Your Mind is Like the Sky / The Go Yogi! Card Set

 

Your Mind is Like the Sky
Bronwen Ballard and Laura Carling
Frances Lincoln Children’s Books

Psychologist and mindfulness teacher, Bronwen Ballard has written a book to introduce children to mindfulness. She uses similes and metaphorical language to show that our difficult thoughts and feelings are an integral part of everyone’s life and demonstrating that we all have the power to deal with them.
Sometimes she says, the mind can be like a clear blue sky but at other times it might be ‘fizzy, stormy, black and crackly’; or perhaps a ‘bit grey’.
Thoughts come and go constantly; they’re likened to the clouds – sometimes positive, pleasant white ones but at other times they become dark and negative.

For example ‘raincloud’ thoughts may well make one feel sad, cross, irritated, confused perhaps.

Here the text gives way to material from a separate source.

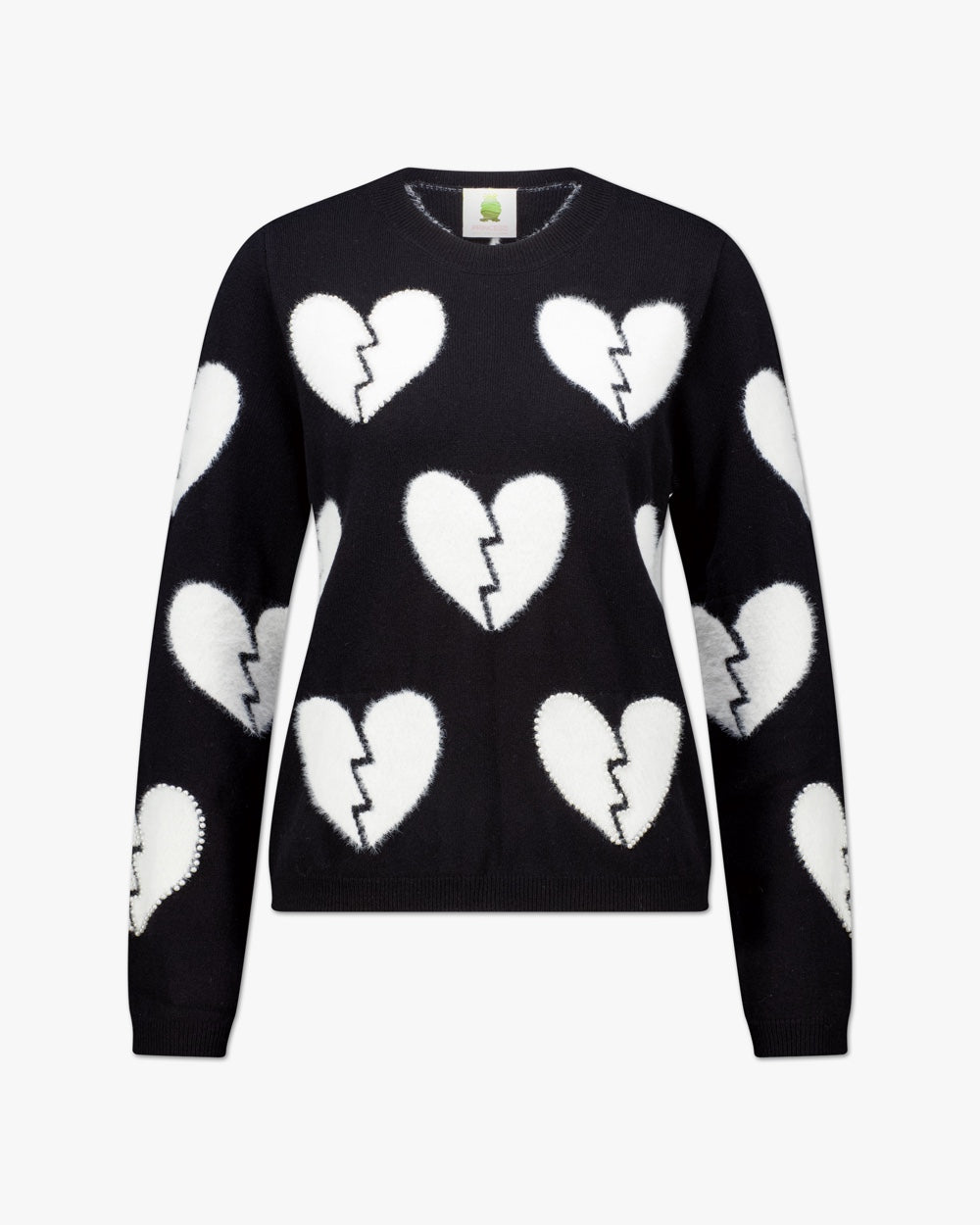 Der schwarze Wollmix-Pullover von Princess Goes Hollywood hat ein auffälliges weißes Herzmotiv mit gezackten Linien, einen klassischen Rundhalsausschnitt und lange Ärmel. Das auffällige Herzmuster wiederholt sich auf der Vorderseite und den Ärmeln.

However there are ways to deal with them, even those that seem at first to be overwhelming and this is what the second part of the narrative discusses. The important thing to do is to acknowledge the thought but realise it’s only one of many, many in the entire sky of your mind and that way you can let that dark thought slip gently away.

The more one practices being mindful, the easier it becomes to take control and choose which thoughts to attend to.

The main narrative ends on an upbeat note reminding the young reader that, like the sky, his/her mind is bursting with amazing thoughts each one different in shape, colour and size.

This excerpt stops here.